The total lack of specificity with regards to the apocalyptic event was a real sticking point for me, to be honest. We’re told that nothing survived except for people. All other life seems to have been destroyed. But how? And why? If I’m going to pull for the human characters, I need to know there’s at least some promise of rebuilding. But this film gives you none, and as a result, The Road is the bleakest film I’ve ever seen.

I can’t in good conscience recommend it to anybody unless you feel like giving yourself nightmares for a week.

5 Replies to “The Road”

  1. I loved Children of Men, if only because the acting was great and for the technical craft behind the directing and filming. I respected it and enjoyed it based solely on things like that, even though the story was, as you said, so bleak and dire to the point that it was almost pointless.

    I suppose I may have taken away from Children of Men some sense of excitement and enjoyment that the director didn’t necessarily intend. As a film fan, I was held in rapt attention through the long cuts, wondering how long they would sustain them, where the camera was going, how they did that pan, etc. That doesn’t say much for the story, I guess, but I still got a lot of enjoyment from it just as a lesson in craft. But I suppose I wouldn’t recommend the film to most people, even though maybe most people wouldn’t obsess over the camera work as much as I did.

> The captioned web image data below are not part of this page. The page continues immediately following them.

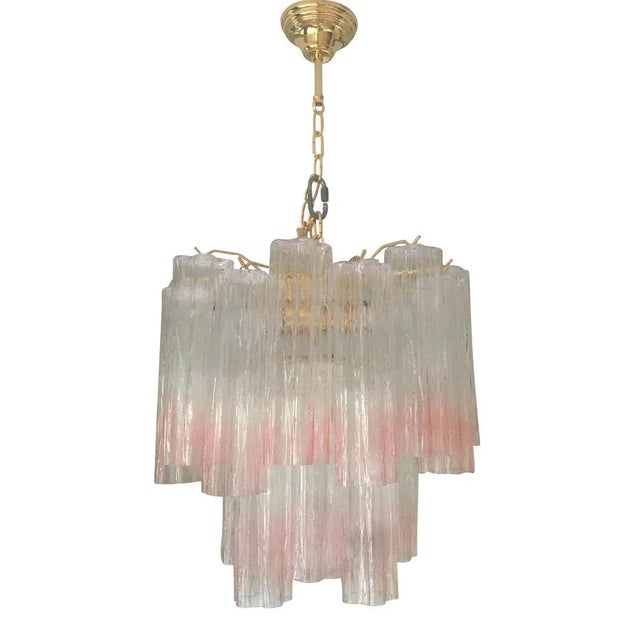 Murano Style Glass Tronchi Chandelier from Simoeng For Sale - Image 11 of 11
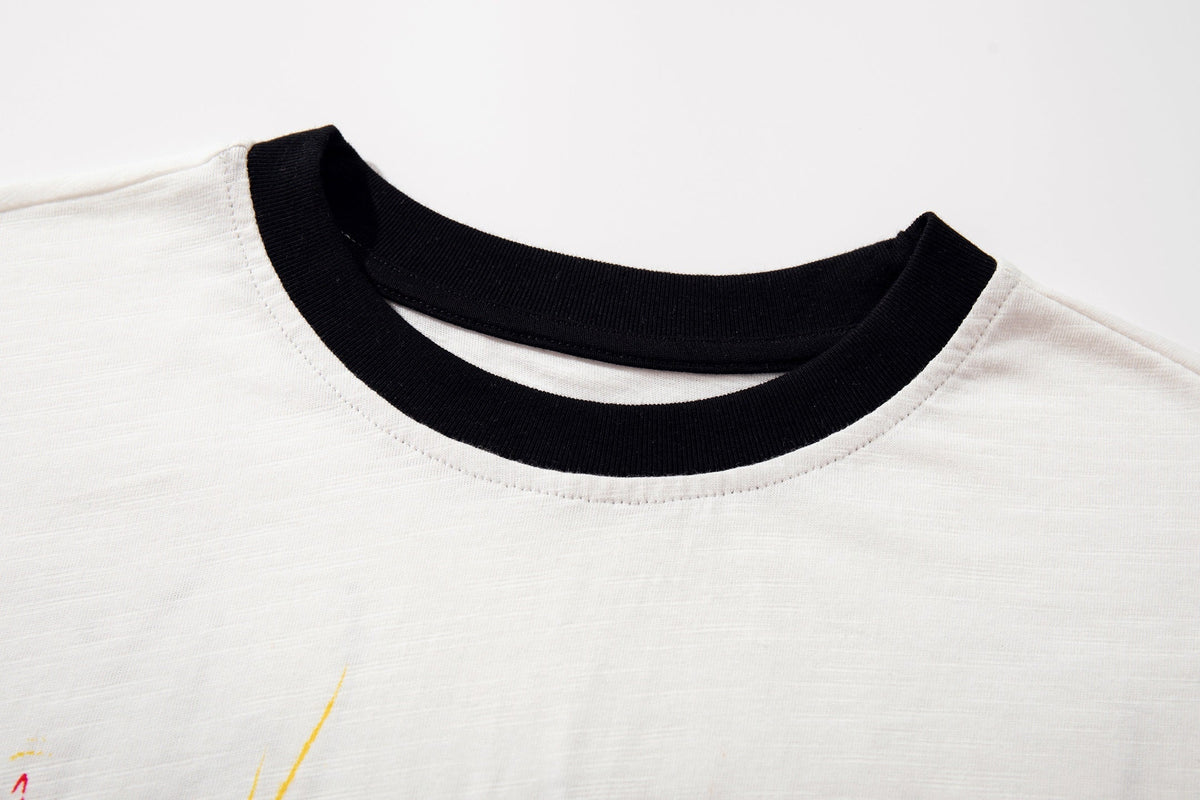 Madxmarx “Number Nine Horses” Graphic T-Shirt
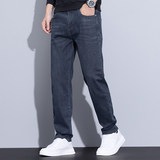 春季新款高端潮牌牛仔裤男修身小脚直筒韩版潮流百搭长裤K879-P52，男装牛仔裤，星座610（原A335）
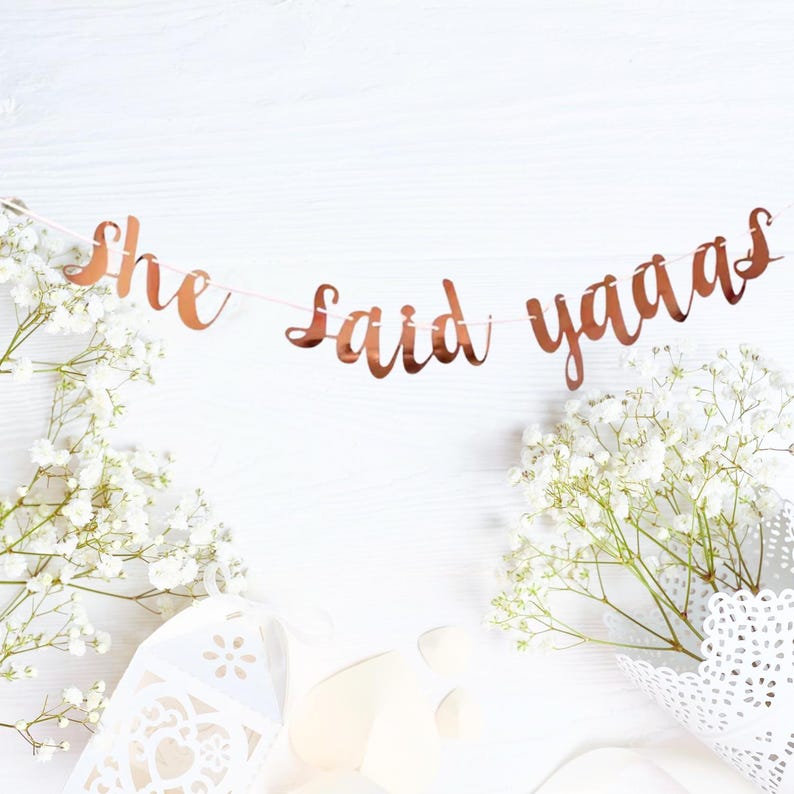 Sinsay Gold 'She Said Yaaas' Bridal Show Decoration | Sinsay In Lebanon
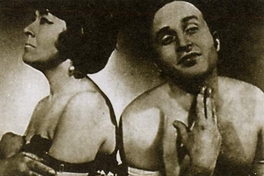 Shenda Román y Jaime Vadell en Tres Tristes Tigres, 1968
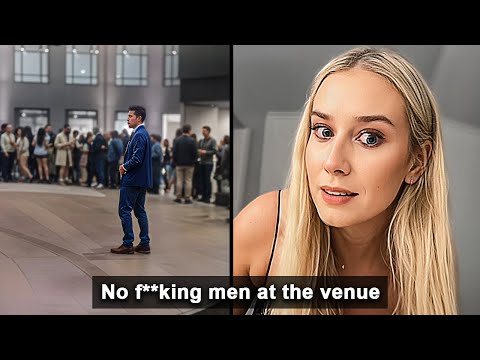 Men REFUSE To Attend Singles Events And It Was 90% Women...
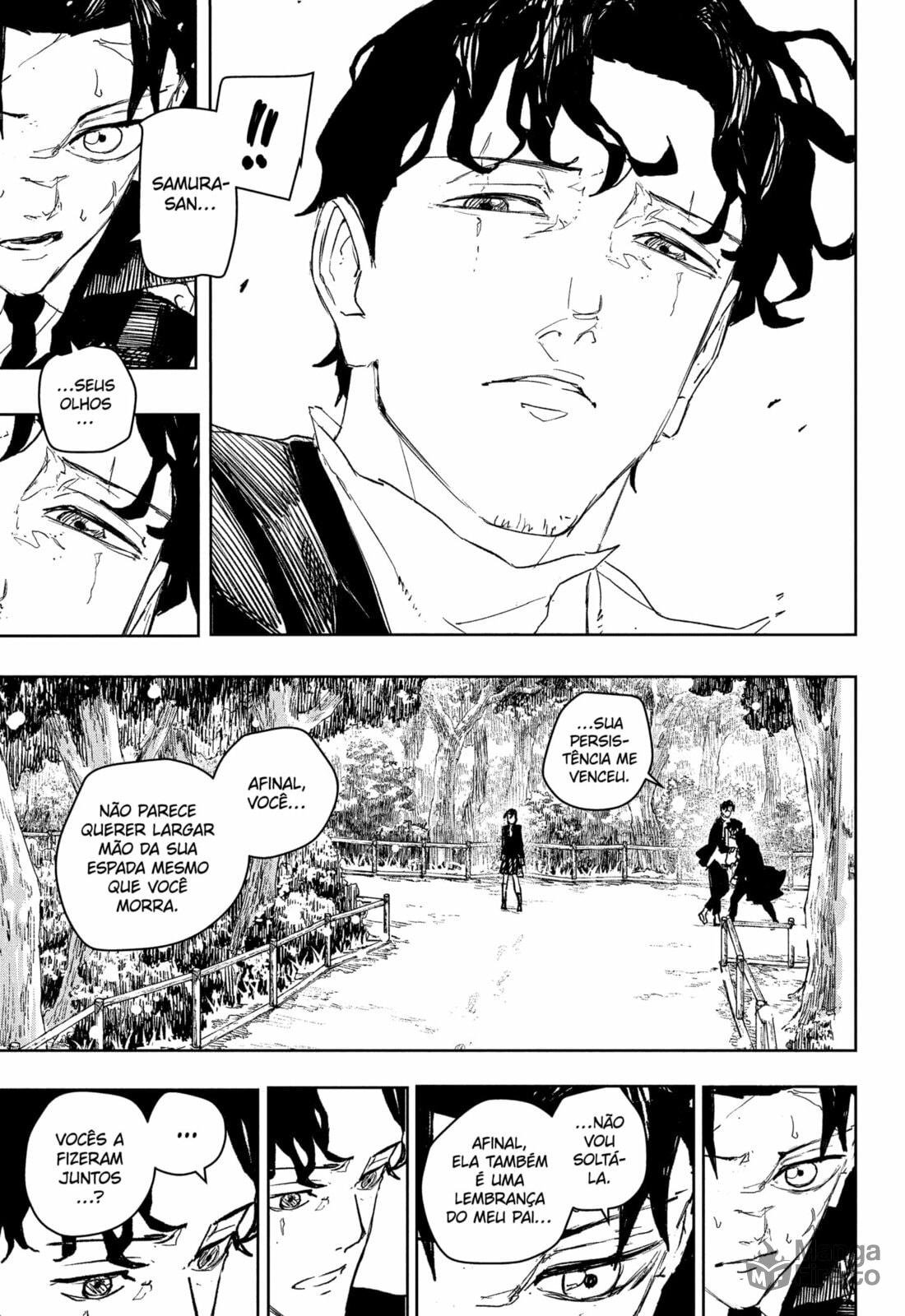 Read Kagurabachi pt_BR Manga Online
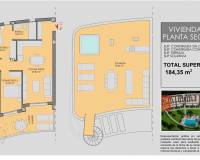 Neubau - Penthouse - Los Alcázares - Serena Golf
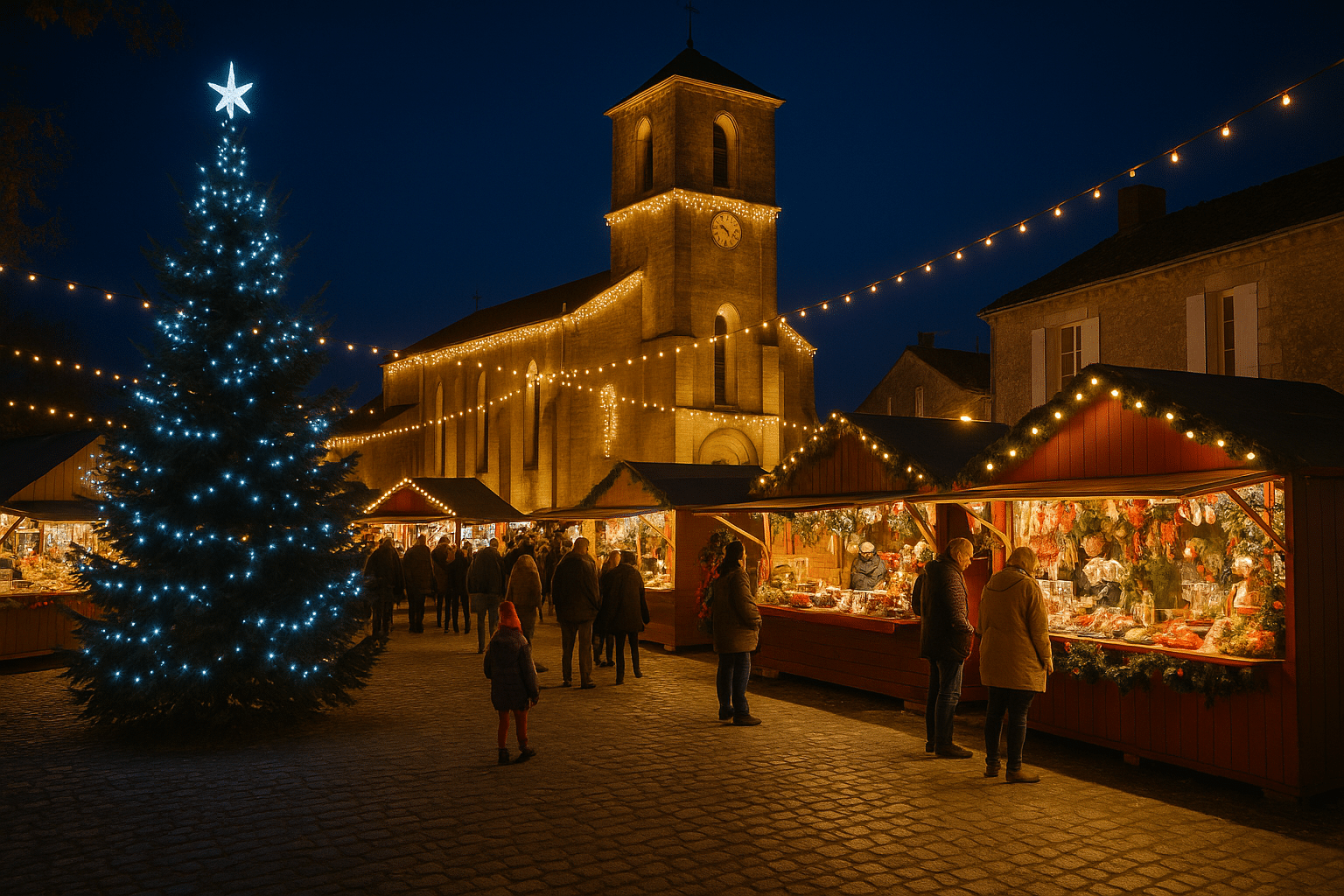 Les marchés de Noël sur l’île d’Oléron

    Having said that… the Road just looked boring. I remember being a little annoyed when the book came out and received so much acclaim from the literary community, who heaped award after award on it. I’m sure it’s a wonderfully written book, but it still seemed lame to me that after countless books have been written about a post apocalyptic world, the only one that received any kind of acclaim (or even credibility) was one written by an already accepted writer of “literature.”

    Then again, maybe the book *is* just that good.

    Does this movie at least have some good scenes of Viggo Mortenson killing people?

  2. And this has nothing to do with anything, but somebody should do an edit of Ghostbusters 2 where the replace that painting of Viggo the Carpathian with Viggo Mortenson.

  3. Of the three films, the only one I can claim to have enjoyed on some level is Children of Men. Like you, I found it to be outstandingly well made, and the story, itself, was consistently clever and ultimately sort of hopeful. If you can sit through it once, then you may as well sit through it a second time to even better appreciate the art of Children of Men. But if a person has never seen it, I’m not going to say that he or she should do so.

    As to The Road, this wasn’t A History of Violence only in a post-apocalyptic world (sadly). Viggo’s character wasn’t some bad-ass, though he does kill two people. Not in a cool way.

  4. And then somebody should make a film where Viggo plays the actors who have portrayed the main villains from every film, tv series, and serial based on Flash Gordon. They could call it “Lord of the Mings.”